[Materials provided Boundary: Start]

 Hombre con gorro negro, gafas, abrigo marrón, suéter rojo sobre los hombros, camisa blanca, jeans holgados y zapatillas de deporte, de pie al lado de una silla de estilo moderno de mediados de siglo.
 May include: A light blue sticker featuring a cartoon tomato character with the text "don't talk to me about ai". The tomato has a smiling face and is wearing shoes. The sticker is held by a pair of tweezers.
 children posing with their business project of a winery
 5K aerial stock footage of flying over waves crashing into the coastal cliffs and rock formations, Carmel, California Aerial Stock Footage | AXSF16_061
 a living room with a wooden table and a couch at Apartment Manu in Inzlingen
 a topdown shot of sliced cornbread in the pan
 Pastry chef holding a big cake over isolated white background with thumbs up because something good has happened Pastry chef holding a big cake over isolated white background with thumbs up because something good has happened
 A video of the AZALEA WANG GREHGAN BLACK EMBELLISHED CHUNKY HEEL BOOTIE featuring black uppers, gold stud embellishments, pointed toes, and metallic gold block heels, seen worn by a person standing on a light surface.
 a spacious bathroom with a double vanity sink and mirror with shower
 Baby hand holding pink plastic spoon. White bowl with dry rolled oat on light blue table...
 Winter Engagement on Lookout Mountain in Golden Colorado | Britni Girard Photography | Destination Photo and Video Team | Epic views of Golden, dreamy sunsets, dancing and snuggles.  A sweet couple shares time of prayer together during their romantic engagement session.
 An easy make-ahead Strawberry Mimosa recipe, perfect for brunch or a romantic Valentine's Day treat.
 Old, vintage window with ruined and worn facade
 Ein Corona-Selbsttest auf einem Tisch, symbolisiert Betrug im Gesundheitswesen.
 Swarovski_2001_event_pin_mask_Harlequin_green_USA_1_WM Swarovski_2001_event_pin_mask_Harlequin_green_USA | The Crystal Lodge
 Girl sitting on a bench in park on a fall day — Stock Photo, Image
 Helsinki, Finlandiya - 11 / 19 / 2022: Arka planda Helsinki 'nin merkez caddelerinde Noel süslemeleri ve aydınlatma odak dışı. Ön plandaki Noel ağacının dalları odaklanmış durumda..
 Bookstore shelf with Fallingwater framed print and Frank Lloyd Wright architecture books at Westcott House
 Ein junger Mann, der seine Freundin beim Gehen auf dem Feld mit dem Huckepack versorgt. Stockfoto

[Materials provided Boundary: End]

_Description of the task_:
Your answer should be the lines of the listing above between the line holding "An easy make-ahead" and the line holding "Girl sitting on", inclusive, restated word for word and alone.

_Written solution_:
 An easy make-ahead Strawberry Mimosa recipe, perfect for brunch or a romantic Valentine's Day treat.
 Old, vintage window with ruined and worn facade
 Ein Corona-Selbsttest auf einem Tisch, symbolisiert Betrug im Gesundheitswesen.
 Swarovski_2001_event_pin_mask_Harlequin_green_USA_1_WM Swarovski_2001_event_pin_mask_Harlequin_green_USA | The Crystal Lodge
 Girl sitting on a bench in park on a fall day — Stock Photo, Image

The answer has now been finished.